Béla Juttner
Foto: Miles Fischler.
Atelierpreis
Der Werdegang Béla Juttners beginnt als Jungstudent an der Heinz-Bosl-Ballettakademie in Kooperation mit der Bayerischen Staatsoper. Die frühen Erfahrungen auf, vor und hinter der Bühne prägen seine Praxis bis heute. Juttner absolvierte einen Master in Modedesign an der Royal Academy of Fine Arts Antwerp bei Walter van Beirendonck und schloss 2025 sein Kunststudium bei Peter Kogler in München mit Auszeichnung des Debütant:innenpreis ab. Seine Arbeiten bewegen sich zwischen Mode, Tanz und Performance und hinterfragen Rollenbilder, Körper und Begegnung.

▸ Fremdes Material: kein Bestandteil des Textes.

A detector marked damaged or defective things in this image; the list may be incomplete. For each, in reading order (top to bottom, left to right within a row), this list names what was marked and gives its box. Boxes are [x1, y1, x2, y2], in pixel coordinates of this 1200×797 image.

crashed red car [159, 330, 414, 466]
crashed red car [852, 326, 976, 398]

Ohne was könntest du in deinem Atelier nicht arbeiten?
Ohne natürlichen Lichteinfall und ausreichend Platz zum Pirouetten drehen, wäre es deutlich trister. Natürlich dürfen gutes Werkzeug und mein hoher Tisch, an dem ich im Stehen arbeiten kann, auch nicht fehlen.
Was bedeutet dein Atelier für dich?
Mein Atelier schafft mir eine Umgebung, in der Ideen fragil sein dürfen und noch wachsen können, bevor sie sich in Gestalt behaupten müssen. Mit einer Atmosphäre, die nicht so tut, als wäre sie fertig gedacht, im Stillstand oder klinisch aufgeräumt. Dabei brauche ich ruhige Ecken sowie Berge an Materialschätzen, die ich mein Leben lang angesammelt habe. Beide Pole sind vertreten: intuitives Spielen mit Materialien im Designprozess sowie konzeptionelle, forschungsbasierte Phasen meiner Arbeit.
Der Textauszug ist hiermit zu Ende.